Para os delatores, que apresentaram as provas consideradas imprestáveis tanto por Lewandowski quanto por Toffoli, o depoimento de Tacla Duran pode ser o explosivo que falta para fazer ruir os acordos da Odebrecht, não só no Brasil.
Tacla Duran, que trabalhava do Departamento de Operações Estruturadas da Odebrecht, tinha acesso ao sistema de comunicação da empresa, o Drousys, por onde transitavam as planilhas de valores pagos a título de propina no mundo inteiro.
Tacla Duran já mostrou uma dessas planilhas, a que envolve João Santana, e ela não batia com a que foi apresentada num processo pelo Ministério Público Federal.
Estaria a DLA Piper por trás da má vontade da procuradora espanhola? O secretário nacional de Justiça, Augusto de Arruda Botelho, foi procurado sobre o caso, depois que o DRCI juntou um documento na ação que tramita no gabinete do ministro Dias Toffoli.
O documento não estava disponível e perguntei a ele se poderia dizer do que se tratava.
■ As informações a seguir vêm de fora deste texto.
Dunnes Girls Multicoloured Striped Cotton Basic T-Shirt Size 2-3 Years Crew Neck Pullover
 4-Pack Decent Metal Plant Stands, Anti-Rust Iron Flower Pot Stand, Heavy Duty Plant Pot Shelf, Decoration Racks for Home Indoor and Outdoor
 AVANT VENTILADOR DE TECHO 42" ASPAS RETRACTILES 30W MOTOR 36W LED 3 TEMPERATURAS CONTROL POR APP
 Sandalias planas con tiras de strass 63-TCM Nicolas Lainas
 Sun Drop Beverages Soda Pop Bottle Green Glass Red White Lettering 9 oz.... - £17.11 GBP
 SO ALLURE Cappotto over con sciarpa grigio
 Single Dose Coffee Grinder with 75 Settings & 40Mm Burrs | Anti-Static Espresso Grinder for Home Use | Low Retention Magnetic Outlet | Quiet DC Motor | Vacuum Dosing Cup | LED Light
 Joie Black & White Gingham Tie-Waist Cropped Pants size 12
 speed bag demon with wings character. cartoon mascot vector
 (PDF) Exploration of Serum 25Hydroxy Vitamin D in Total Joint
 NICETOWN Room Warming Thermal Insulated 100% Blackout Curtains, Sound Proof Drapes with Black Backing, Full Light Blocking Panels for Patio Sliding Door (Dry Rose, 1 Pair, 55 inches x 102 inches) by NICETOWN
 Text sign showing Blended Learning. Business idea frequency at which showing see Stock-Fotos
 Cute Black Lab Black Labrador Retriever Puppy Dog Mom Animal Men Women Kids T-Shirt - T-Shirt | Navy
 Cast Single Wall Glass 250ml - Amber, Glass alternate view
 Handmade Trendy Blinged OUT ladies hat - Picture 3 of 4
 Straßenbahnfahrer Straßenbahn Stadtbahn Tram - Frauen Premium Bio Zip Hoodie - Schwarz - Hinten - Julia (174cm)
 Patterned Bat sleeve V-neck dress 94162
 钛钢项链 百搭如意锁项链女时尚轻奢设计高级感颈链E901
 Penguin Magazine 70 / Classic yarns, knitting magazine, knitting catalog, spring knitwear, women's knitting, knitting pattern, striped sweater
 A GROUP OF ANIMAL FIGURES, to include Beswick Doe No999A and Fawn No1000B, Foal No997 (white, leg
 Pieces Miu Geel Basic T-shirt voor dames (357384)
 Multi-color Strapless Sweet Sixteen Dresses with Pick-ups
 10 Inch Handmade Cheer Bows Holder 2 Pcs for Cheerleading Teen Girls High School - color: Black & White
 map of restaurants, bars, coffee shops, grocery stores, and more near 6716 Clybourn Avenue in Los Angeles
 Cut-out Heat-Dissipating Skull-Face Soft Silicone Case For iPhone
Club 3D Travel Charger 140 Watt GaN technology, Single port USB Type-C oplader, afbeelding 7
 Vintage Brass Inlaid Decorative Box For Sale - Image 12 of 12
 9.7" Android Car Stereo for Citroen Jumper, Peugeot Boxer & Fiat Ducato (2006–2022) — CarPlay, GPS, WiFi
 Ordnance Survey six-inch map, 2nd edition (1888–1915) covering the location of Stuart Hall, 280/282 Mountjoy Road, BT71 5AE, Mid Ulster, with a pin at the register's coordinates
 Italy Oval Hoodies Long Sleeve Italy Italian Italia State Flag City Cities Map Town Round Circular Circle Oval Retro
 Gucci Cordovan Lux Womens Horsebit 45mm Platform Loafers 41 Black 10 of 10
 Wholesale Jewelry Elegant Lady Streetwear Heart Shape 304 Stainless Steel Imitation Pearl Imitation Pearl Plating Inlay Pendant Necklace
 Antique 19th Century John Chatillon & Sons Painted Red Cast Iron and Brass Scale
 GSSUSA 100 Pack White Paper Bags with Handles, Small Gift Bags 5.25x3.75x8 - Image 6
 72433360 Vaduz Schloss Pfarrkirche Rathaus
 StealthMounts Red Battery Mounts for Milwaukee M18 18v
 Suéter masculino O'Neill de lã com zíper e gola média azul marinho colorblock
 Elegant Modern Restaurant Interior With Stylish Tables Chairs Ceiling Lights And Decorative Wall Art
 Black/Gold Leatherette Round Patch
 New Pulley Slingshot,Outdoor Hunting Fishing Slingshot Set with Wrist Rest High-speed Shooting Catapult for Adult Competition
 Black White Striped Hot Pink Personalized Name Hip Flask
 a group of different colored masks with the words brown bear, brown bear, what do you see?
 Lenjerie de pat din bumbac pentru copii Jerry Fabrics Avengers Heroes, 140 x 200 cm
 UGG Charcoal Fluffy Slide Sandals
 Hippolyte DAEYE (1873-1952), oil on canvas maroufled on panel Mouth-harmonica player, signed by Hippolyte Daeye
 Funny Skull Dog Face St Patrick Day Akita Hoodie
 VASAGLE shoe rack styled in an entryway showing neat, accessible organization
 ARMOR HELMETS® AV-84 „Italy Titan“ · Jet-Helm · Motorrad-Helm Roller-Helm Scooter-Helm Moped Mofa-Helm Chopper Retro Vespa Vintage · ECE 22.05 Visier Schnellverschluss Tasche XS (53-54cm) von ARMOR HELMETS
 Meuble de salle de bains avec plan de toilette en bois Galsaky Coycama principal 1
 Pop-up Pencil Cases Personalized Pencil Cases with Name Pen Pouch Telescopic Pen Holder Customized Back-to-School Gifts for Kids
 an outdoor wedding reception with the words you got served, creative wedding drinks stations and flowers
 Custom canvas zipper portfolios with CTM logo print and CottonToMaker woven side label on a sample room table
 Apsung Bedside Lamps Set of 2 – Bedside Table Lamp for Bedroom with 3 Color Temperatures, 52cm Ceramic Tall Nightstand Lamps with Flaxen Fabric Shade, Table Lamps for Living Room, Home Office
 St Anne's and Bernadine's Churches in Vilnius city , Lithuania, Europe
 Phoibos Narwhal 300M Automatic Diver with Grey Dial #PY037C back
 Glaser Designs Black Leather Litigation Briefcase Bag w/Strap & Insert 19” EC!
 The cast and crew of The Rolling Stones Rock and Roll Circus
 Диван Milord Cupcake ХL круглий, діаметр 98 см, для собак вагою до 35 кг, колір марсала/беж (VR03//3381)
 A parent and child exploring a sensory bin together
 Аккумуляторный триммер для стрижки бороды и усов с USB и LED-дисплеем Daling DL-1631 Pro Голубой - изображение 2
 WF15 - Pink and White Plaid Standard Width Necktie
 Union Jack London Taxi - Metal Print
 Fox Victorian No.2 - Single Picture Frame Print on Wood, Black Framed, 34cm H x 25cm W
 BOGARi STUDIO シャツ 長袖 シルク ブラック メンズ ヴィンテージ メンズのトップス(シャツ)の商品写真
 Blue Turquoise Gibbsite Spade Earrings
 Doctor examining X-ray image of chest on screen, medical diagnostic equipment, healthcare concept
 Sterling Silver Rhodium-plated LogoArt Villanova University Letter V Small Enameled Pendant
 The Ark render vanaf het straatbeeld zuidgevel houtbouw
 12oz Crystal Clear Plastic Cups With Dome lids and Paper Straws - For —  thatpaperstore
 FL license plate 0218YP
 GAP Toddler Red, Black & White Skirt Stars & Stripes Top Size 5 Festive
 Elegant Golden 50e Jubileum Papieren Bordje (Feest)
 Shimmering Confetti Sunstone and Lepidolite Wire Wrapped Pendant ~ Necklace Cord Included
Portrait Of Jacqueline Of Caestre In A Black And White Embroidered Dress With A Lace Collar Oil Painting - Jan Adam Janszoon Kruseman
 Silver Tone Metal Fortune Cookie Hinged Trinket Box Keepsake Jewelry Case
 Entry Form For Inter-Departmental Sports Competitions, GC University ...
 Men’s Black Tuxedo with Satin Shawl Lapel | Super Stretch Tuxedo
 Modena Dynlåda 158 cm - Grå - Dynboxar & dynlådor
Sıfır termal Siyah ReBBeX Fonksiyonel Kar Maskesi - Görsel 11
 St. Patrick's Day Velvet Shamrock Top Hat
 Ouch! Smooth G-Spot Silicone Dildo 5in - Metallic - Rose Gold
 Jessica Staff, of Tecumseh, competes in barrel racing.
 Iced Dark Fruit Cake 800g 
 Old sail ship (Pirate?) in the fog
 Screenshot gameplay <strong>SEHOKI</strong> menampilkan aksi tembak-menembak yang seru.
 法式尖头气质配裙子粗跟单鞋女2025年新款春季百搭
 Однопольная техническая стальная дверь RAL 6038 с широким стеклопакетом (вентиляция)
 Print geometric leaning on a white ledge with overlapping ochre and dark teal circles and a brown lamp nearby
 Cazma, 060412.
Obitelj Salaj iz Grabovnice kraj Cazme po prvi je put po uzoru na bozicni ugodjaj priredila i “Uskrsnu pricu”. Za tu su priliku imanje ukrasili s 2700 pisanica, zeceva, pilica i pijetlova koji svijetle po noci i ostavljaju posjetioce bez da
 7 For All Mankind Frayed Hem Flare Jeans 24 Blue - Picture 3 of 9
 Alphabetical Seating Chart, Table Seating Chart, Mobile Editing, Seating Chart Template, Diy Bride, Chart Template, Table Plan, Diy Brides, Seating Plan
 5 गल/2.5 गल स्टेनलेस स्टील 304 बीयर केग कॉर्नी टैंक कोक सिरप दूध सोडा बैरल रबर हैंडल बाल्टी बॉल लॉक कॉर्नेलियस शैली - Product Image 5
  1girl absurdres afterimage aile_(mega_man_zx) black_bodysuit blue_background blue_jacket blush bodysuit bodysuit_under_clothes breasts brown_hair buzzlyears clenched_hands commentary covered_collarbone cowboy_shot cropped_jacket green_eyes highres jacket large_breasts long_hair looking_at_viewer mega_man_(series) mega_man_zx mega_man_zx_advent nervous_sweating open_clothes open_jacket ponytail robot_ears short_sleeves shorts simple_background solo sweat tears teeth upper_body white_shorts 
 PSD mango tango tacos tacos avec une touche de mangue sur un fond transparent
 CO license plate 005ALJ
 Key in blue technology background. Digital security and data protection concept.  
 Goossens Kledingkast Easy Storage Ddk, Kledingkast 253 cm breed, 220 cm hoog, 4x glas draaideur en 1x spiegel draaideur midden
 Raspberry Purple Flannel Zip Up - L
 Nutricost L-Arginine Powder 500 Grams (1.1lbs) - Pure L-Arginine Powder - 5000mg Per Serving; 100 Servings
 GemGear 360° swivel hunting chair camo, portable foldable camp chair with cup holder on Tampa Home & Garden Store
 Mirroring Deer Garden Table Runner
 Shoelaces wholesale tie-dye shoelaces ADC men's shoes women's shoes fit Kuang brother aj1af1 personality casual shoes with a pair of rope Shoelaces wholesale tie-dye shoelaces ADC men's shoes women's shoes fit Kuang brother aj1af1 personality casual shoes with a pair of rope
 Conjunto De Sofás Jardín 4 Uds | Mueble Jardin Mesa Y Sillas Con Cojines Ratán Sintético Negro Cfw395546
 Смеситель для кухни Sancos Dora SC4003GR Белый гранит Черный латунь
Arruda Botelho disse que verificaria, mas não voltou mais a fazer contato e deixou de responder à minha mensagem.
A última delas foi esta:
“O senhor chegou a verificar se o ofício do DRCI diz respeito a providências determinadas pelo ministro Toffoli para Rodrigo Tacla Duran depor no Brasil? Perdoe-me, mas é que, como disse, pretendo escrever sobre isso, e a demora nesse trâmite.”
O deputado Rogério Correia (PT-MG), que conseguiu aprovar o requerimento para que Tacla Duran seja ouvido na Câmara dos Deputados, disse que a demora se deve à falta de ação na Espanha.
“O que o pessoal do DRCI fala é que já cumpriram tudo e que agora depende da Espanha. Mas a Espanha está com uma má vontade danada. Houve muita ingerência nisso. Moro faz ingerência direta lá. Com essa pressão, a má vontade na Espanha é muito grande. Segundo eles, o que precisava, no STF, já foi feito e enviado. É o que o DRCI fala.”
Se a Espanha não cumpre o acordo de cooperação, o dever do DRCI é cobrar.
Arruda Botelho é considerado um quadro importante do meio jurídico brasileiro e se destacou como comentarista da CNN. Com classe, inteligência e muito conhecimento jurídico, Arruda Botelho desmontava os argumentos do extremista de direita Caio Coppolla.
No caso Tacla Duran e Odebrecht, porém, há uma brecha para que Arruda Botelho possa ser criticado, já que, no passado, integrou uma banca de advocacia que, mais tarde, viria a se juntar com com um escritório que defende delatores da Odebrecht e que estão preocupados com a decisão de Toffoli.
No dia 15 de junho, quando Eduardo Appio já estava afastado e sem resultado efetivo para os pedidos formais que fez também ao secretário nacional de Justiça, Arruda Botelho, Toffoli determinou que o DRCI tomasse as providências para que Tacla Duran viesse ao Brasil, com segurança. Até agora, também não houve resultado efetivo.
Um dos delatores defendidos pela advogada Paula Sion de Souza Naves, que viria a se juntar ao escritório de Dora Cavalcanti – onde Arruda Botelho foi sócio –, é o ex-diretor da Odebrecht Luiz Eduardo da Rocha Soares, irmão de Paulo Sérgio da Rocha Soares, o especialista em informática que administrava o sistema de comunicação da Odebrecht conhecido como Drousys e também o de contabilidade, My Web Day.
Os sistemas foram hospedados em provedores da Suíça e também da Suécia, e foi Paulo Sérgio da Rocha Soares que baixou e entregou os arquivos apresentados pela Odebrecht como provas. Se são imprestáveis, Paulo Sérgio da Rocha Soares poderá ser responsabilizado.
Se Tacla Duran não fala a verdade sobre a fraude dos arquivos, como já disseram informalmente advogados dos irmãos Rocha Soares, a vinda dele ao Brasil será uma excelente oportunidade para fazer demonstração.
O que não pode é pressionar autoridades para que o ex-prestador de serviços da Odebrecht seja impedido de vir ao Brasil e, com liberdade e todas as garantias de testemunha protegida, preste depoimento, na Justiça, na Polícia Federal e também no Congresso Nacional.